Conditions themselves use a Python-like expression syntax. Operands can either be variables, corresponding to data passed in, numbers (integer or floating point; exponential notation is not supported) or quote-delimited strings. Equality is tested using == and inequality by !=. The operators and, or and not are used in the expected way. Parentheses can also be used for grouping. For example:

key:
  if (a == 2 or a == 3) and b == "abc": value1
  if a == 1 or b != "abc": value2
  value3

Here a and b are variables, the value of which will be supplied when the manifest is used.

Expectation Manifests

When used for expectation data, manifests have the following format:

  • A section per test URL described by the manifest, with the section heading being the part of the test URL following the last / in the path (this allows multiple tests in a single manifest file with the same path part of the URL, but different query parts).
  • A subsection per subtest, with the heading being the title of the subtest.
  • A key expected giving the expectation value or values of each (sub)test.
  • A key disabled which can be set to any value to indicate that the (sub)test is disabled and should either not be run (for tests) or that its results should be ignored (subtests).
  • A key restart-after which can be set to any value to indicate that the runner should restart the browser after running this test (e.g. to clear out unwanted state).
  • A key fuzzy that is used for reftests. This is interpreted as a list containing entries like <meta name=fuzzy> content value, which consists of an optional reference identifier followed by a colon, then a range indicating the maximum permitted pixel difference per channel, then semicolon, then a range indicating the maximum permitted total number of differing pixels. The reference identifier is either a single relative URL, resolved against the base test URL, in which case the fuzziness applies to any comparison with that URL, or takes the form lhs url, comparison, rhs url, in which case the fuzziness only applies for any comparison involving that specifc pair of URLs. Some illustrative examples are given below.
  • Variables debug, os, version, processor and bits that describe the configuration of the browser under test. debug is a boolean indicating whether a build is a debug build. os is a string indicating the operating system, and version a string indicating the particular version of that operating system. processor is a string indicating the processor architecture and bits an integer indicating the number of bits. This information is typically provided by mozinfo.
  • Top level keys are taken as defaults for the whole file. So, for example, a top level key with expected: FAIL would indicate that all tests and subtests in the file are expected to fail, unless they have an expected key of their own.

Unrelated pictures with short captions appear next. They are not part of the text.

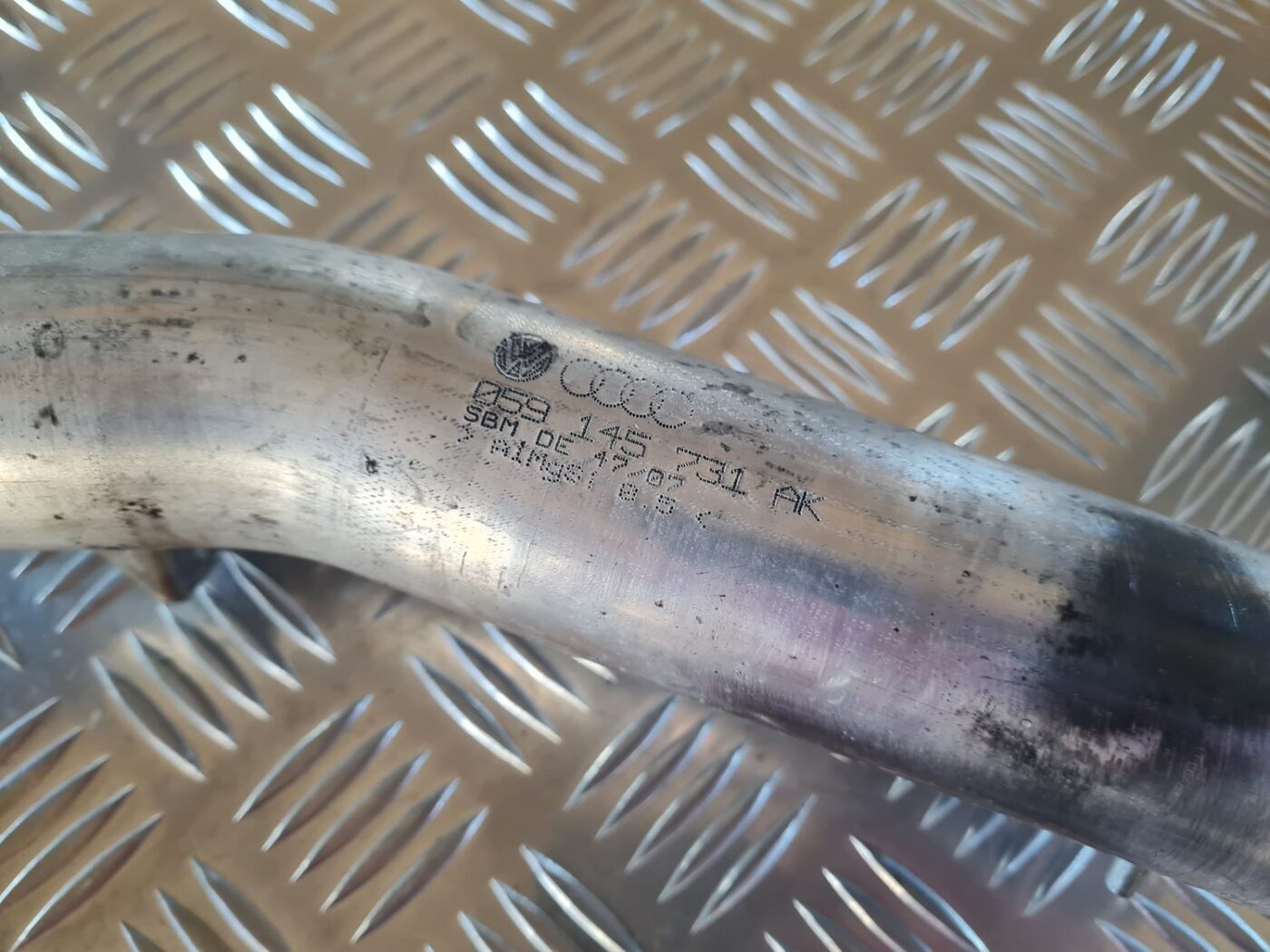 Interkulera caurule priekš AUDI A6 2008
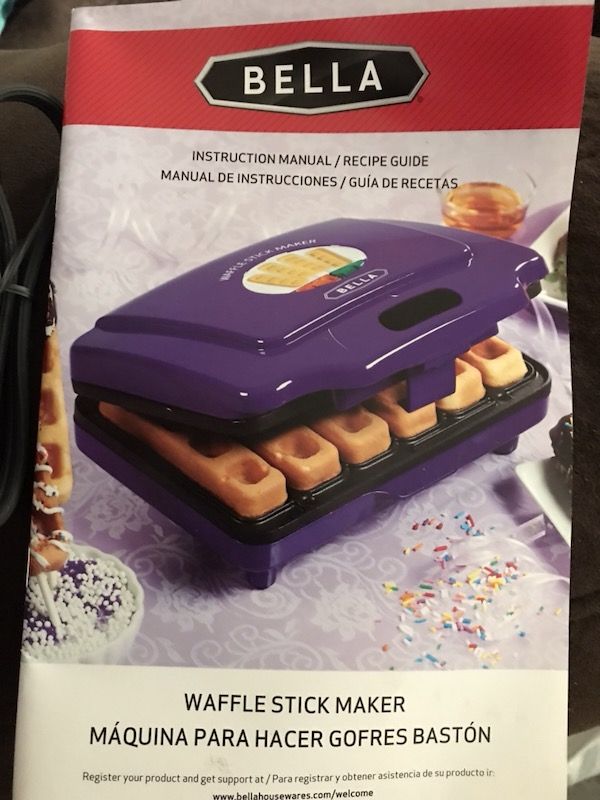 Bella waffle stick maker (new)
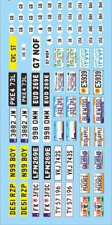 decals decals foreign license plate usa america 1/24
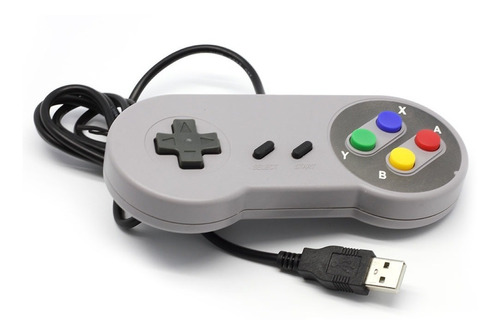 10 Controles Usb Super Nintendo Snes Joystick Windows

An simple example manifest might look like:

[test.html?variant=basic]
  type: testharness

  [Test something unsupported]
     expected: FAIL

  [Test with intermittent statuses]
     expected: [PASS, TIMEOUT]

[test.html?variant=broken]
  expected: ERROR

[test.html?variant=unstable]
  disabled: http://test.bugs.example.org/bugs/12345

A more complex manifest with conditional properties might be:

[canvas_test.html]
  expected:
    if os == "mac": FAIL
    if os == "windows" and version == "XP": FAIL
    PASS

Note that PASS in the above works, but is unnecessary; PASS (or OK) is always the default expectation for (sub)tests.

A manifest with fuzzy reftest values might be:

[reftest.html]
  fuzzy: [10;200, ref1.html:20;200-300, subtest1.html==ref2.html:10-15;20]

In this case the default fuzziness for any comparison would be to require a maximum difference per channel of less than or equal to 10 and less than or equal to 200 total pixels different. For any comparison involving ref1.html on the right hand side, the limits would instead be a difference per channel not more than 20 and a total difference count of not less than 200 and not more than 300. For the specific comparison subtest1.html == ref2.html (both resolved against the test URL) these limits would instead be 10 to 15 and 0 to 20, respectively.